RIYADH: Saudi Arabia’s carefully laid plan to expand its tourism sector is showing fruition as it marches forward to meet its target of attracting 100 million visitors to the Kingdom by 2030.
This is evident from the fact that the Kingdom recently topped the G20 countries list for the flow rating of international tourists in the first seven months of 2022, with international arrivals reaching 77 percent of pre-pandemic levels.
For its part, China, home to almost a fifth of the world’s population, is a huge source of potential tourists.

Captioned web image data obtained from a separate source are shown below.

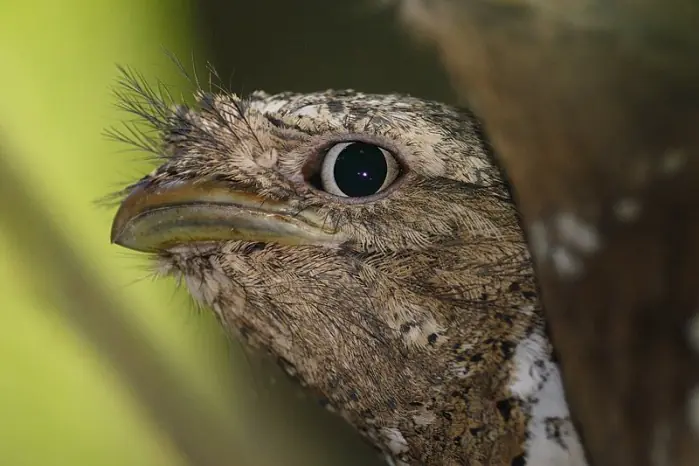 aves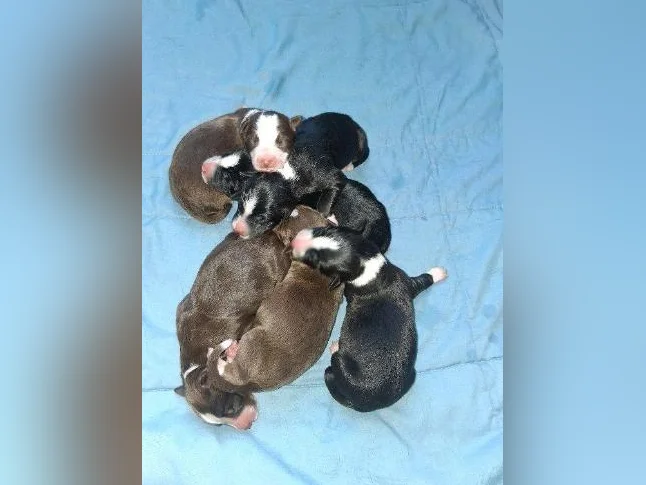 Border Collie Husky thumbnail 2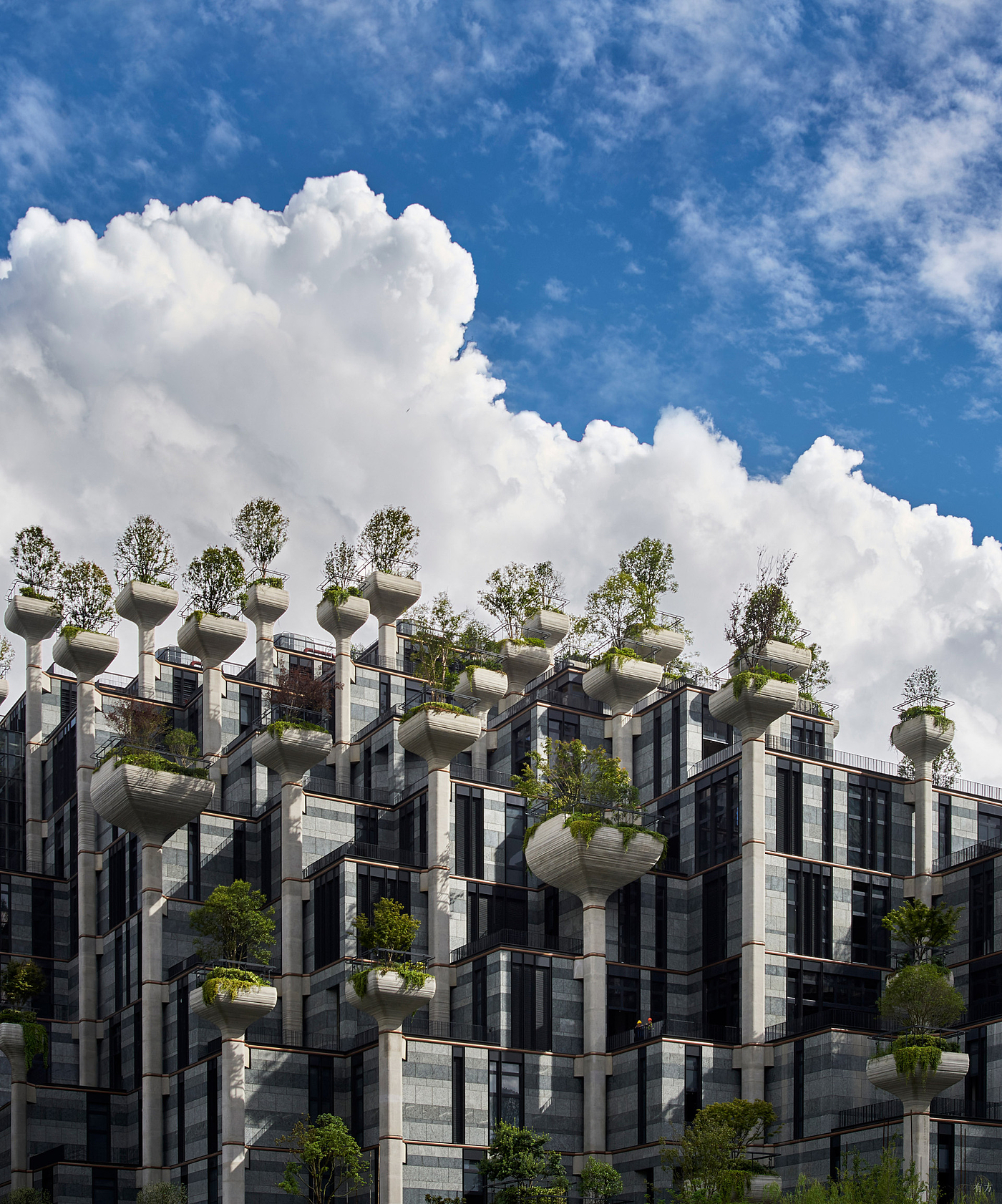 Sky garden，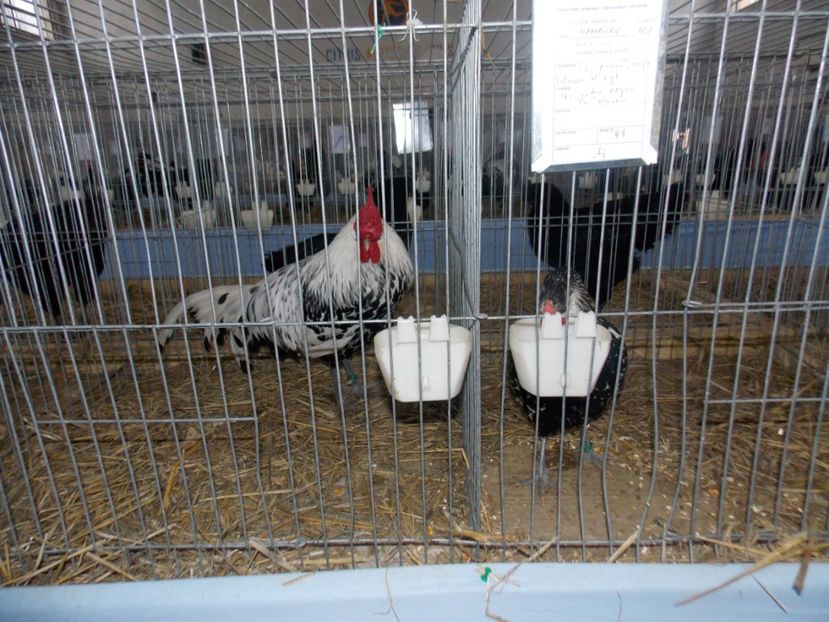  - EXPO-2020 HOBBY CENTRUM BRASOV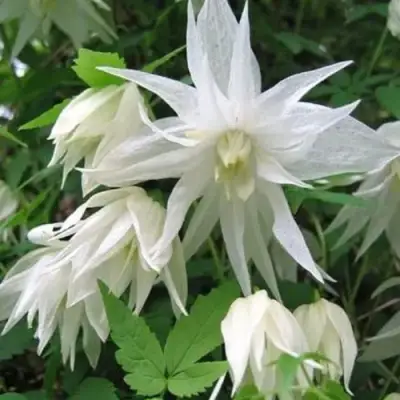 Княжик АЛЬБИНА ПЛЕНА белый махровый в Челябинске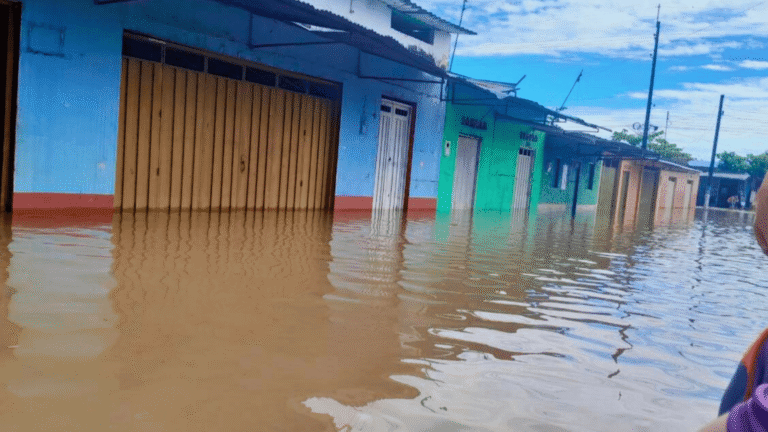 Inundaciones persisten en Puerto Nariño pese al descenso del nivel del agua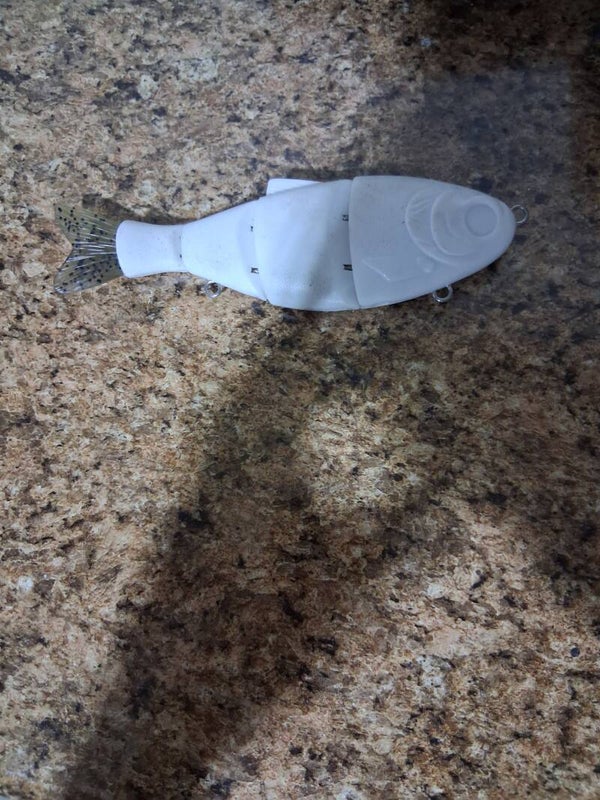 You chose coustom painted swimbait 6inch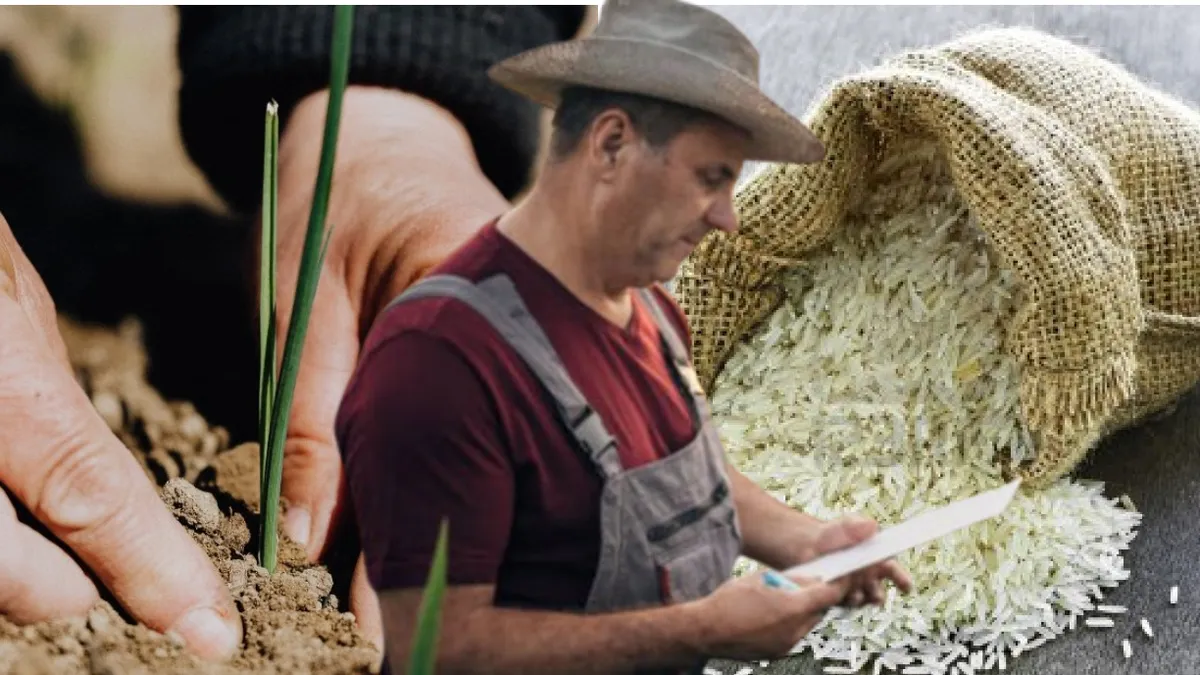 Țara care renunță la plantațiile de orez. Fermierii continuă să se lupte cu seceta: „Va fi greu să acoperim deficitul pe care îl avem”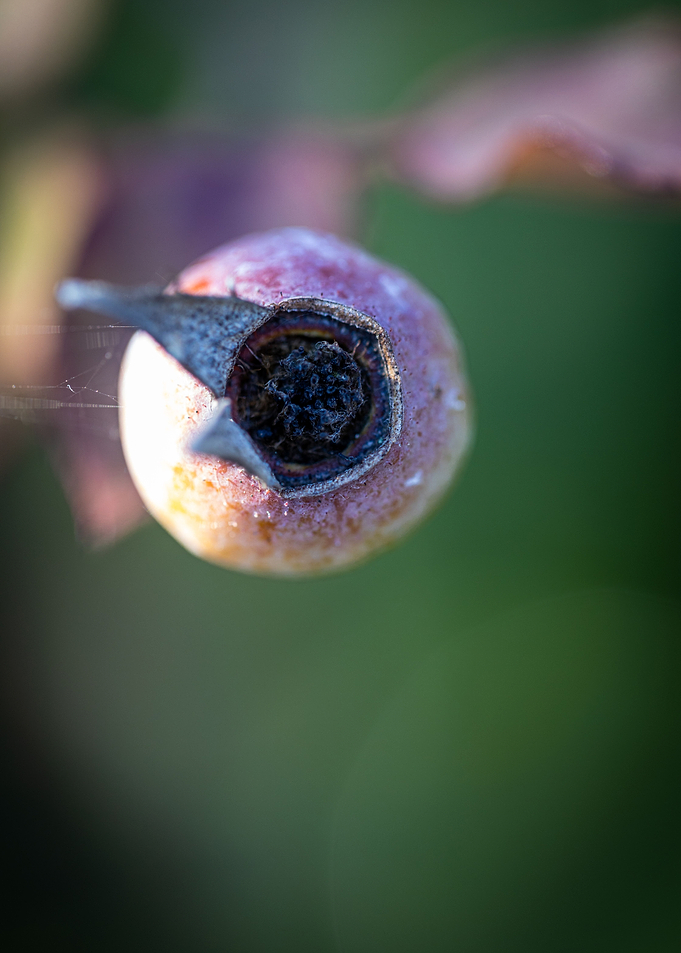 Beautiful flower closeup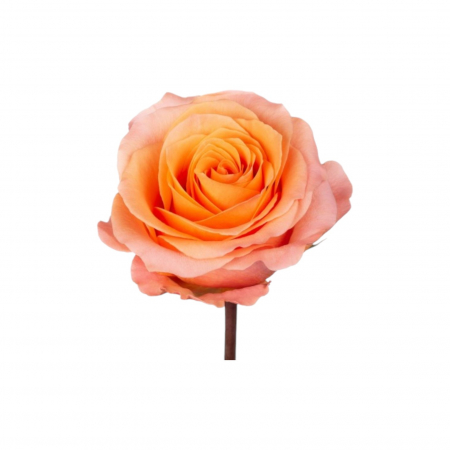 Trandafir ecuador Coral Reef Super Premium Portocaliu 80 cm [2]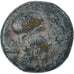 Coin, Thrace, Bronze Æ, 4th century BC, Mesembria, VF(30-35), Bronze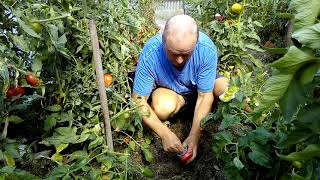 Cultiver les haricots verts en jardiniere [upl. by Annaohj]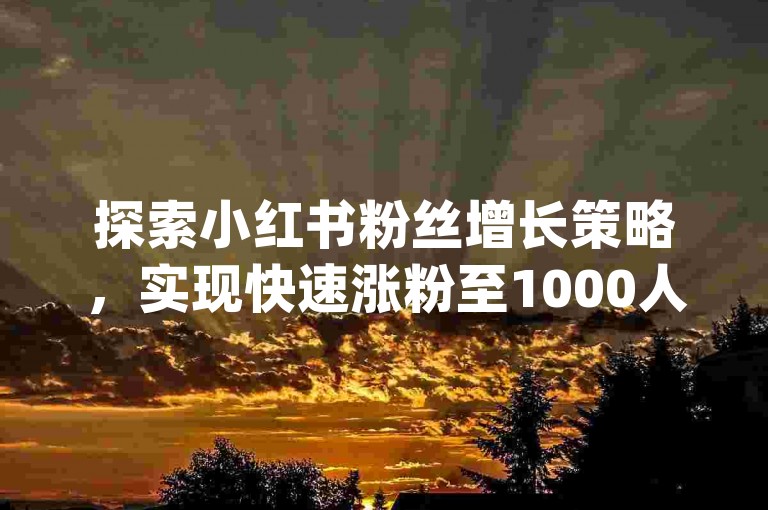 探索小红书粉丝增长策略，实现快速涨粉至1000人 - 发现qq上最实惠的24小时自助下单服务。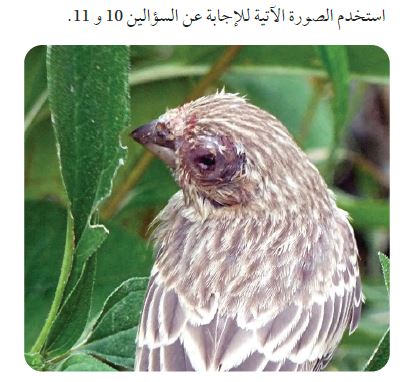 شكل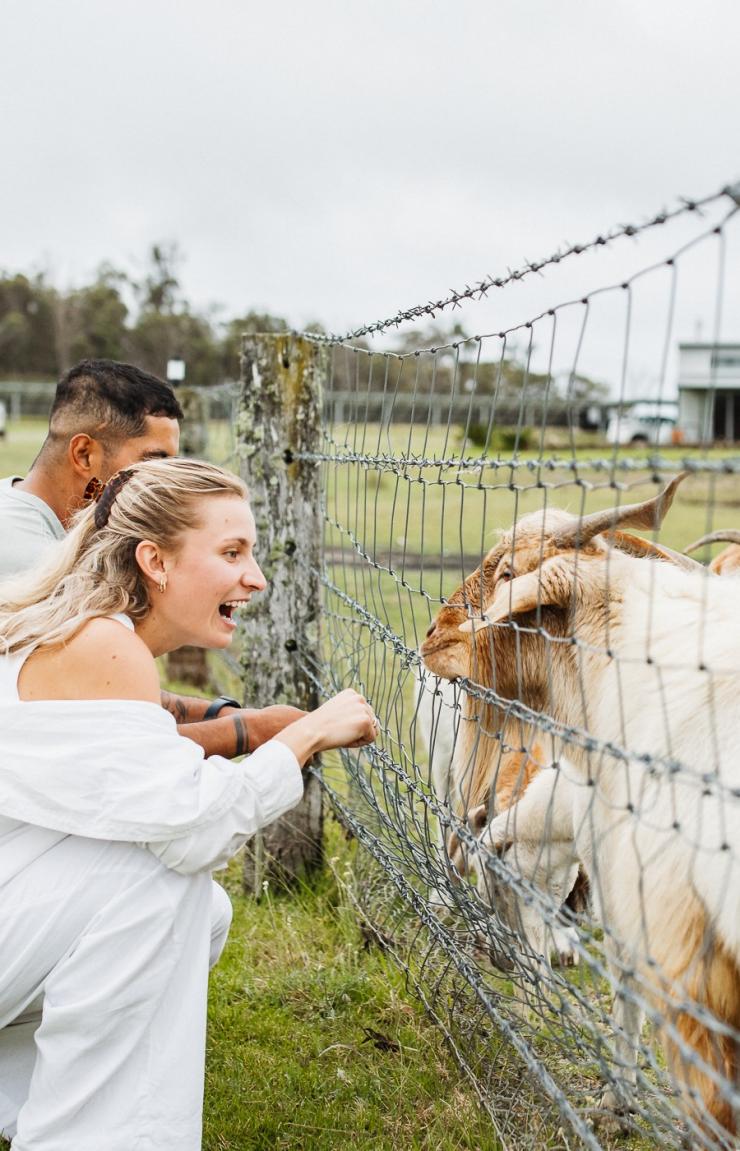 Couple feeding goats at Ridgemill Estate, Stanthorpe, Queensland © Ridgemill Estate
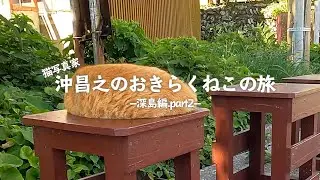 おすすめ動画クリエイター 沖昌之 「猫写真家 沖昌之の おきらくねこの旅 ～深島編.PART2～」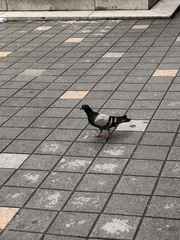Columba livia domestica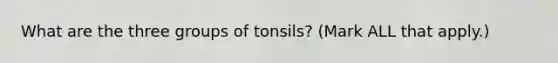 What are the three groups of tonsils? (Mark ALL that apply.)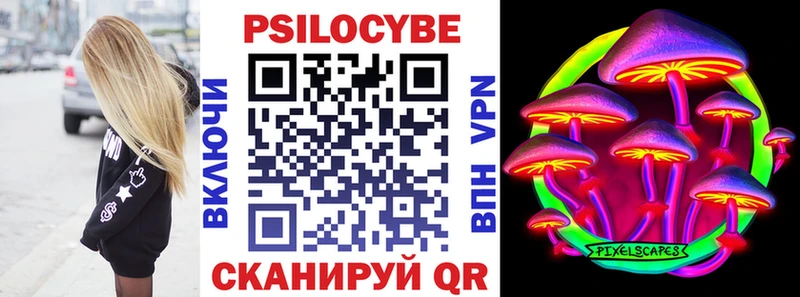 Галлюциногенные грибы Psilocybine cubensis Нерчинск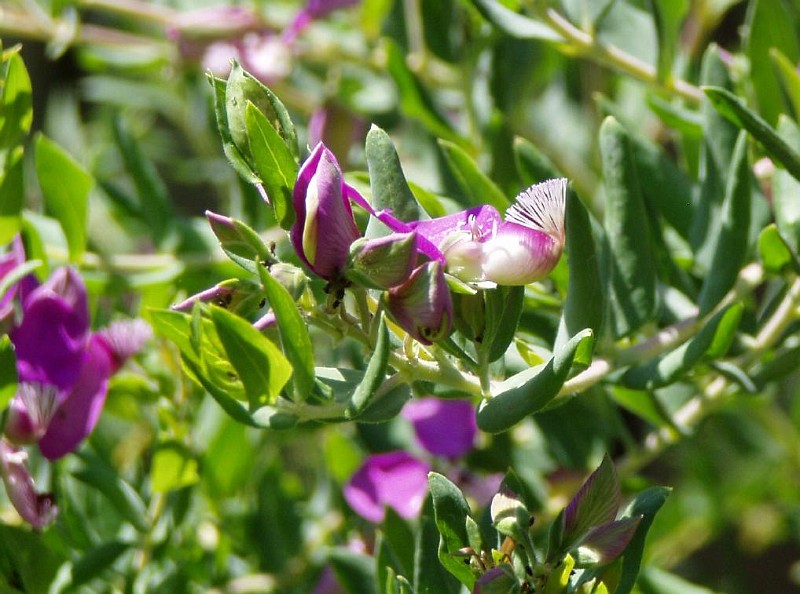 gb20060819_sweet_pea12.jpg - Sweet Pea shrub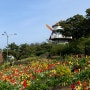 제주 표선 가볼만한곳 서귀포 애견 동반 관광지 허브동산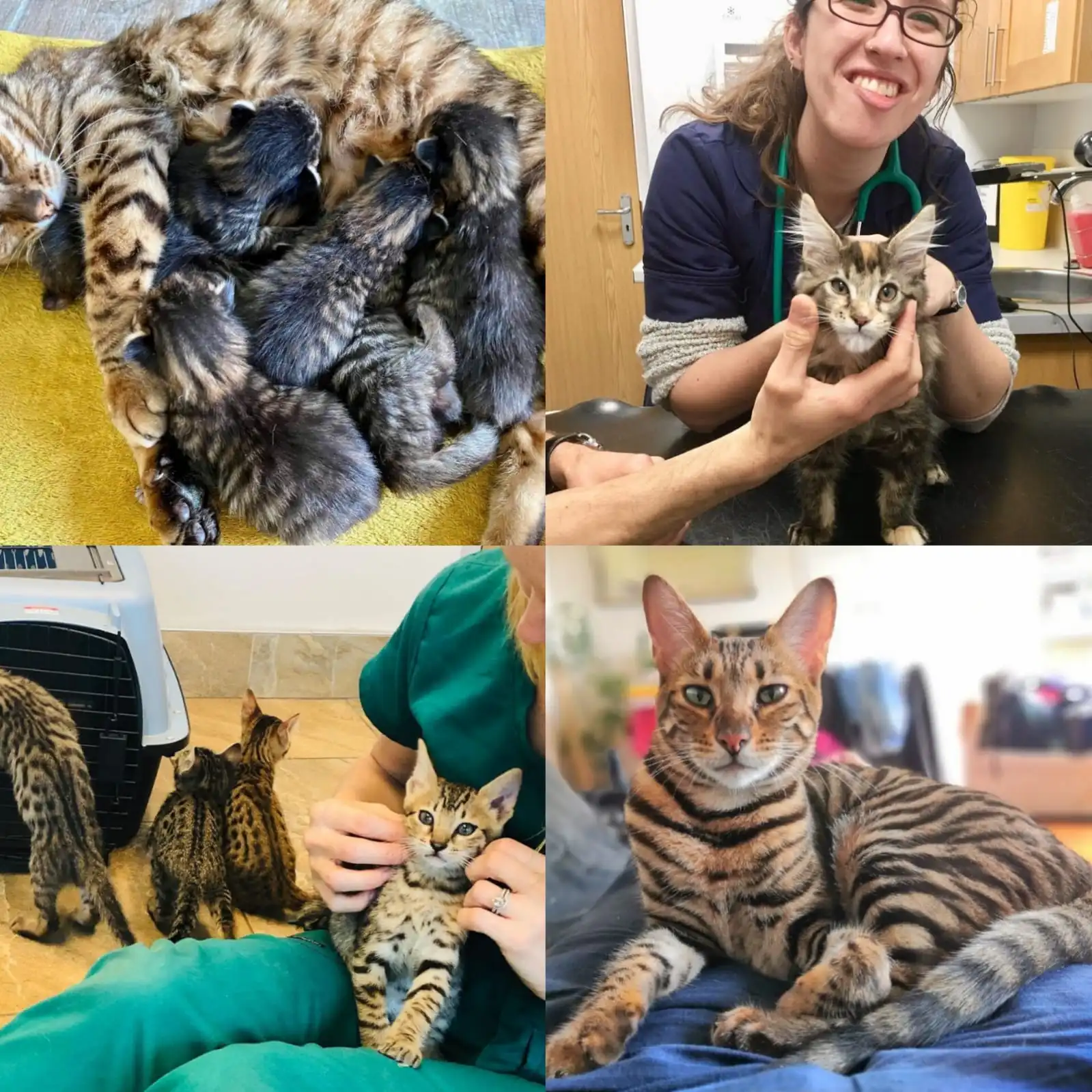 Health check for toyger kitten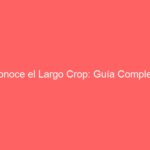 Conoce el Largo Crop: Guía Completa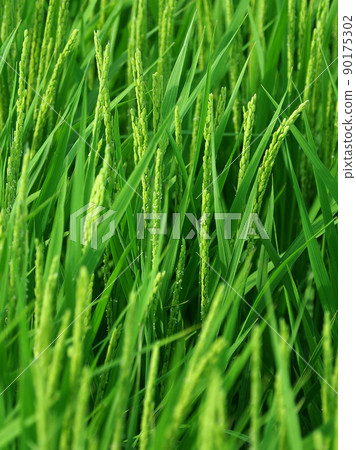 Agricultural image (rice farming) 90175302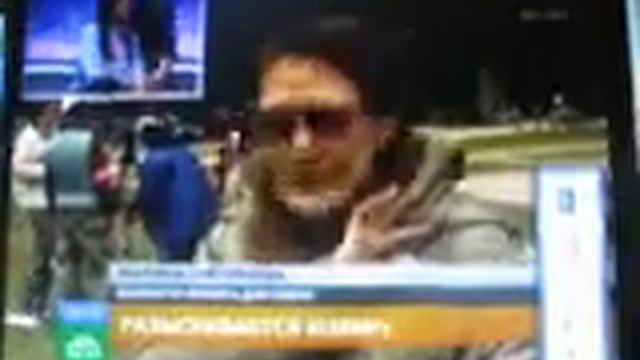 Выставка собак смотреть онлайн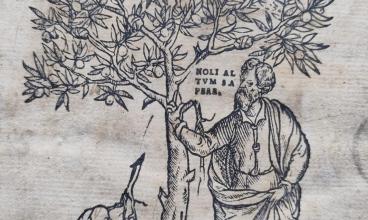 Robert Estienne, Dictionarium latinogallicum, 1538, Bibliothèque Ulm-LSH, L P l 8 B F°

Speaking to CNBC in October, Saudi Tourism Minister Ahmed Al-Khateeb said: “China used to be a very important market, but it is still closed. This year, we’ve seen a great demand from Europe and the US. I absolutely would love to see some of these restrictions ease because Chinese market is a very big market, not only for Saudi Arabia but for all the other countries.”
China has a zero COVID-19 policy, which includes lockdowns, quarantining and rigorous testing, aimed at stopping the spread of COVID-19, even as other countries ease travel and other restrictions and try to shift to a long-term strategy of living with the virus.
Following the launch of the e-visa in September 2019, Saudi Arabia’s Ministry of Tourism issued more than 350,000 tourist visas in the first three months of that year alone.
Within the first 10 days of the launch, 4,000 foreign visitors entered Saudi Arabia with China topping the list and the UK and the US in the second and third place respectively.
Research released by China Outbound Tourism Research Institute in May indicates a “strong wave” in Chinese outbound travel in 2023, with a return to 2019 numbers by 2024. “The preparation, the acquisition of knowledge and the adaptation of services needs to be done now, before the wave arrives,” said Wolfgang Georg Arlt, the institute’s CEO.
Saudi Arabia is well prepared for the return of Chinese travelers, with many institutions adopting the guidelines of the Welcome Chinese Certification program, which is considered the international standard for travel and hospitality services for visitors from the country.
The Riyadh Airports Co., which manages and operates King Khalid International Airport, said that it is working on implementing standards designed to make the airport and its services more accessible and user friendly for Chinese visitors.
The company said the new facilities will improve the visitor experience for tourists from China by helping to overcome the language barrier and providing key services, including payment systems that are compatible with those in their home country. The initiative also highlights the availability of e-visas for Chinese travelers who want to visit the Kingdom.
An important part of the strategy to boost the Kingdom’s entertainment and tourism offerings is Red Sea Global. RSG is currently overseeing the creation of two luxury tourism destinations in Saudi Arabia: The Red Sea and Amaala.
Anton Bawab, group head of operations at RSG, foresees an upswing in the number of Chinese tourists once restrictions are lifted, and that the Kingdom and RSG’s destinations are prepared to welcome them.
“The Chinese market has shown tremendous potential for any country that opened up to it – Europe, Dubai, Maldives,” he said.
“Pre-COVID, Chinese tourists accounted for almost one fifth of global tourism spending. Saudi has huge potential to attract Chinese travelers, and RSG in particular. At the Red Sea, Chinese tourists can get a similar experience to the Maldives, which is a popular destination choice for them. But they can also couple it with culture, shopping and heritage.”